Les avocats se tiennent prêts. Le 11 mai dernier, l’assemblée générale du Conseil national des barreaux (CNB) a adopté une résolution en faveur d’une nouvelle mission au profit de l’avocat : la certification des informations publiées par les entreprises en matière de durabilité. A compter du 1er janvier 2025, la présentation d’un rapport de durabilité sera rendue progressivement obligatoire du fait de l’entrée en vigueur de la directive dite CSRD. La France doit désormais transposer la directive via une ordonnance attendue d’ici le 9 décembre au plus tard. Et, comme le lui permet la directive, elle peut prendre l’option de confier à des prestataires de services d’assurance indépendants (PSAI) l’émission d’un avis sur les futures informations présentées par les entreprises, en plus des contrôleurs légaux des comptes (commissaires aux comptes ou cabinets d’audit).

Que prévoit formellement la résolution votée le 11 mai dernier ?

La résolution énonce, sans surprise, que les avocats sont parfaitement compétents pour intervenir durant la phase de certification des données en matière de durabilité. La profession souhaite que dans le cadre de la levée d’option par la France - lors de la transposition de la directive - les avocats fassent partie des professions désignées pour être PSAI en matière de données de durabilité.

Nous savons également dans quel cadre cette nouvelle mission pourrait s’inscrire pour les avocats : nous pouvons déjà réaliser des « missions spécifiques » comme celle d’avocat fiduciaire, par exemple. C’est prévu par le RIN [règlement intérieur national de la profession d’avocat, ndlr]. Nous pourrions calquer le fonctionnement du PSAI sur ces dispositifs.

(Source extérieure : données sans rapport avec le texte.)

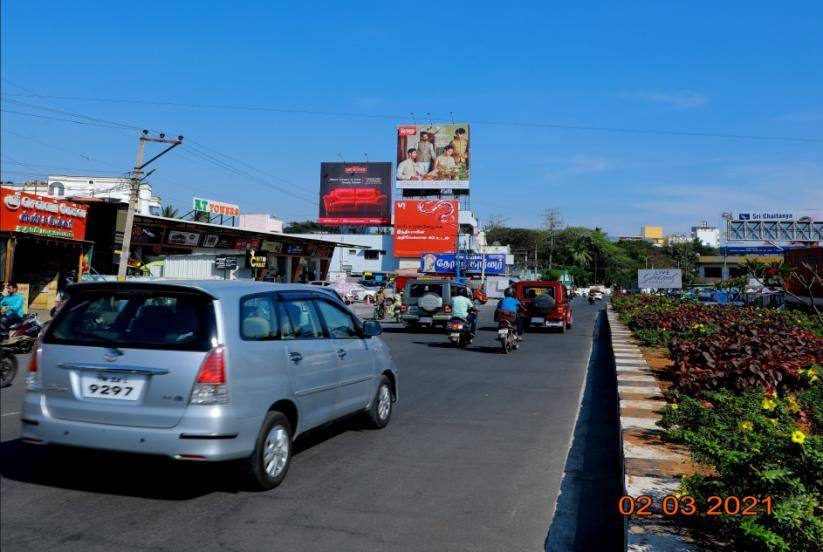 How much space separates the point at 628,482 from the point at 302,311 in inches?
119

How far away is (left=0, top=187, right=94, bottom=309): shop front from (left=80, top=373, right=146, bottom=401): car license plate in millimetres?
21735

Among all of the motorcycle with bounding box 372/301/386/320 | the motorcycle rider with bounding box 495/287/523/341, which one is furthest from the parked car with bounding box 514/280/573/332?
the motorcycle with bounding box 372/301/386/320

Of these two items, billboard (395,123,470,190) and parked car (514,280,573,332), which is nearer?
parked car (514,280,573,332)

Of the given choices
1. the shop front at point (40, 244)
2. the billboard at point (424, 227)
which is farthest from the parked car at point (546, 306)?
the billboard at point (424, 227)

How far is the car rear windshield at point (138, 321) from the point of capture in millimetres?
4688

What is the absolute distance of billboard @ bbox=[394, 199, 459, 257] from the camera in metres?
76.2

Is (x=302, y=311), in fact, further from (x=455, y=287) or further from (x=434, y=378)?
(x=455, y=287)

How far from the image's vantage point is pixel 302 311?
19.5 ft

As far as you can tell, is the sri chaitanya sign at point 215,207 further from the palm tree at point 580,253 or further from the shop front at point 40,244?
the palm tree at point 580,253

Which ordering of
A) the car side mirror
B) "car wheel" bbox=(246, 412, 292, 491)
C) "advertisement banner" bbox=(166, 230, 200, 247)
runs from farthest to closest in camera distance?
1. "advertisement banner" bbox=(166, 230, 200, 247)
2. the car side mirror
3. "car wheel" bbox=(246, 412, 292, 491)

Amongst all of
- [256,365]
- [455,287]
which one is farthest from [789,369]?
[455,287]

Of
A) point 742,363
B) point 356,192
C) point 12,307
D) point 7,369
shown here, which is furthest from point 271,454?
point 356,192

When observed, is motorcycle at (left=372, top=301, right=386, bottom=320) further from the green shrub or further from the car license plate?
the car license plate

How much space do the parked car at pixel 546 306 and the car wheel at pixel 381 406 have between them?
1721cm
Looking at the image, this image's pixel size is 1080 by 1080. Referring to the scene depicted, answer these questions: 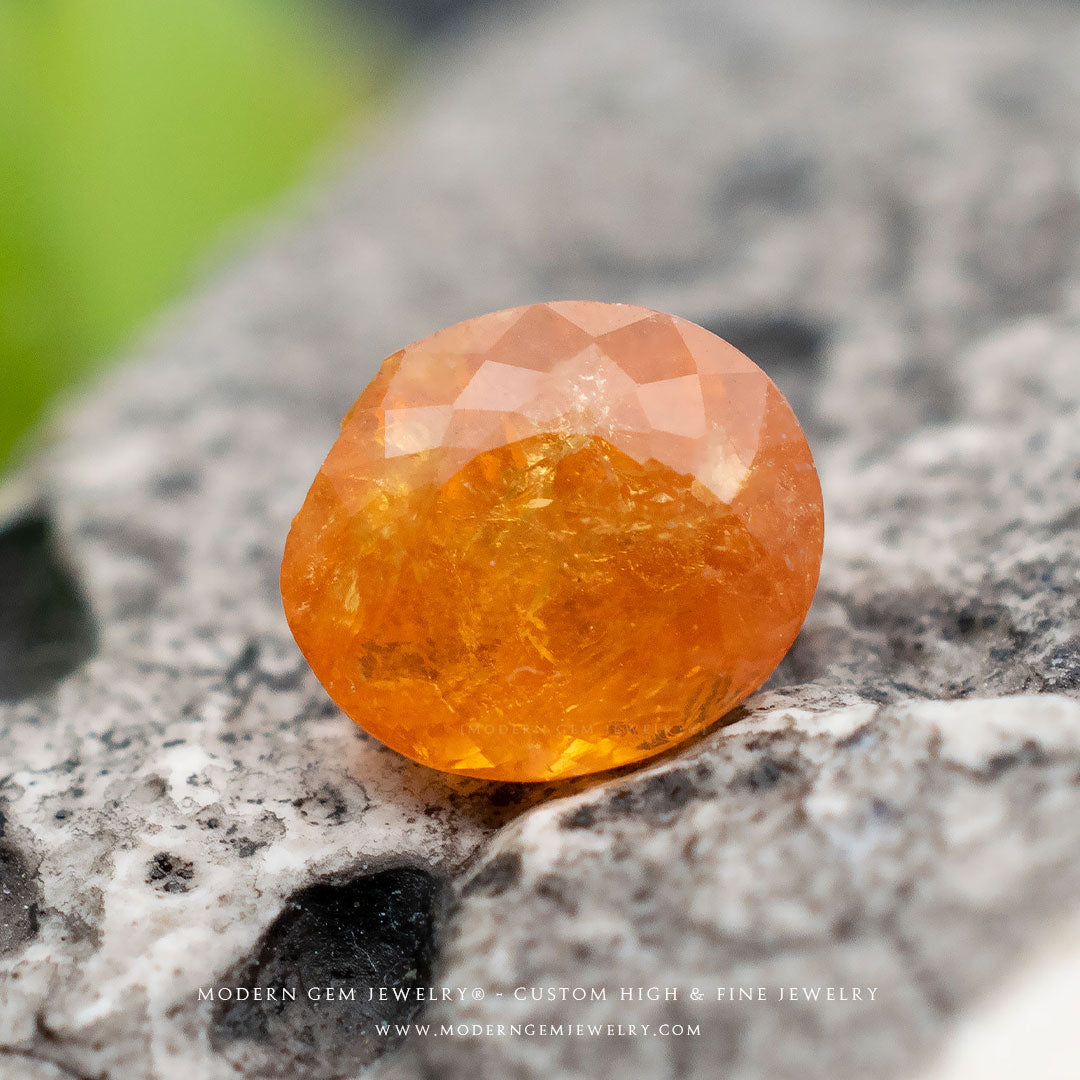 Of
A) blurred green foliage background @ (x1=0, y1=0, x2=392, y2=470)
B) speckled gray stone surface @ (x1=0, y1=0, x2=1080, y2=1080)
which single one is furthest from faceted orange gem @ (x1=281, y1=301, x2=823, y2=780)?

De nouvelles règles vont être édictées pour l’accomplissement des missions de PSAI. Nous souhaitons qu’elles soient communes à tous les prestataires qui vont certifier les données en matière de durabilité (les CAC et tous les autres PSAI).

La directive impose aussi la mise en place, au sein de chaque État membre, d’une autorité indépendante de supervision. Nous souhaitons qu’elle puisse prendre en considération les particularités de l’avocat, c’est-à-dire nos règles professionnelles. Nous voulons aussi être partie prenante dans l’élaboration des règles définies par l’autorité ainsi que dans sa gouvernance. Il est important qu’il y ait, en son sein, des personnes capables d’expliquer le fonctionnement de la profession d’avocat et des règles auxquelles elle est assujettie.

Quelles sont les actions que vous allez désormais mener ?

Notre première action est de faire savoir aux pouvoirs publics notre décision adoptée le 11 mai. Nous devons leur faire connaître notre souhait d’être désignés comme PSAI en espérant, évidemment, être entendus. Dans cette perspective, nous allons continuer à travailler sur la réalisation de notre objectif et donc sur les règles qui vont devoir régir cette nouvelle activité.

Quels sont justement les points de vigilance que vous identifiez en cas de développement de cette nouvelle activité pour la profession d’avocat ?

Nous serons vigilants sur les obligations édictées en matière de formation. Tous les professionnels devront avoir le niveau de compétences requis pour réaliser la mission de PSAI et être, en permanence et correctement, formés à tous les aspects nécessaires pour certifier les données de durabilité.

Nous serons également très attentifs à la façon dont vont être définis le conflit d’intérêt et les règles mises en place pour assurer l’indépendance des prestataires ou des certificateurs vis-à-vis des entreprises qui publient les données.

Nous resterons évidemment attentifs à la manière dont sera traité le secret professionnel qui est essentiel à notre profession. Nous avons un regard spécifique sur cette question.

Concernant la future autorité indépendante de supervision, au-delà de ce qui a déjà été dit (conf. plus haut), nous analyserons l’articulation de son autorité avec celle des instances traditionnelles de la profession, notamment l’autorité du bâtonnier. 

Qu’attendez-vous désormais ?

Si nous sommes suivis dans notre souhait, nous attendons de connaître les propositions qui seront formulées dans le cadre d’un avant-projet de texte du gouvernement transposant la directive CSRD.